Category: Star Wars - All Media Types
Genre: AU, F/M, Gen, Modern AU, domestic AU, look I just wanted fluff so I wrote it myself
Language: English
Status: Completed
Published: 2018-01-11
Updated: 2018-01-11
Packaged: 2019-03-03 10:50:01
Rating: Teen And Up Audiences
Warnings: No Archive Warnings Apply
Chapters: 1
Words: 968
Publisher: archiveofourown.org
Story URL: https://archiveofourown.org/works/13339698
Author URL: https://archiveofourown.org/
Summary: Luke and Leia manage to capture their mother's personal cellphone. They manage to call Anakin Skywalker. They also manage to change their lives, whether they know it or not.(A modern domestic one-shot regarding the twins discovering their father's phone number and inviting/disinviting him to their birthday party)





	In Which Anakin Skywalker Receives A Very Odd Phone Call

 

"Anakin Skywalker."

"Hello, daddy?" Luke tried to reach out for the cellphone but Leia leaned back in her chair. "I just wanted to call you to let you know you're an _asshole_."

His eyes narrowed. One of those, eh? "First of all," he began through gritted teeth, but the voice on the other line ignored him.

"Mama cries over you every night--still," Leia continued, standing up in the seat and wobbling while Luke jumped for the phone.

"Let me talk to him!"

Anakin's brow furrowed. "Who is this?"

"I wanna talk to him!"

"No!"

"Let me talk to him!"

"Get off!"

"Who. is. this?" he hissed, causing silence on the other end.

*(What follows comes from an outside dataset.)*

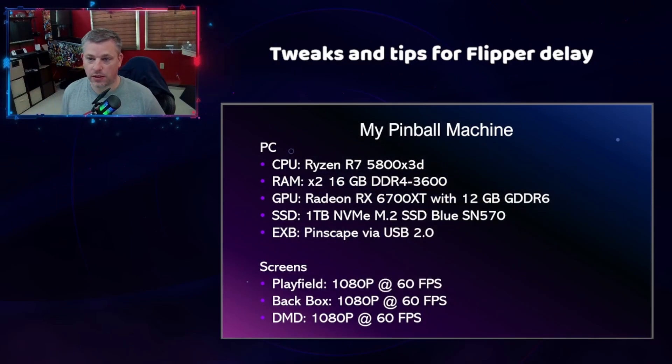When Googling how to reduce flipper delay in a v-pin cabinet, you're going to come across several articles that talk about two things: your GPU and your refresh rate. I'm going to set the playfield with you real quick and show you my PC specs. My GPU is a Radeon RX 6700 XT with 12 gigabytes of GDDR6. That GPU is capable of running three different monitors at 144 frames per second in 4K. I'm not doing that — I'm using all three monitors at 1080p at 60 frames per second. That is not going to be the issue for me in having any kind of flipper delay when I push the button. Yes, having a higher refresh rate would allow me to see a few more frames of animation of the flipper actually moving up and down, and yes, it would be much more clear and much more sharp, but it would not drastically reduce the delay that I'm experiencing.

"...No one you care about, obviously," snipped the surprisingly controlled voice. "I don't care what you do in LA but I just want you to know that I will never, ever forgive you--"

"I will! I want to talk to daddy! Let me talk to daddy!"

"--and you should leave our mother alone because she doesn't need you!"

Luke had climbed up on the chair, crowding Leia's space and stance, causing her to wobble. She shrieked, holding the phone above her head.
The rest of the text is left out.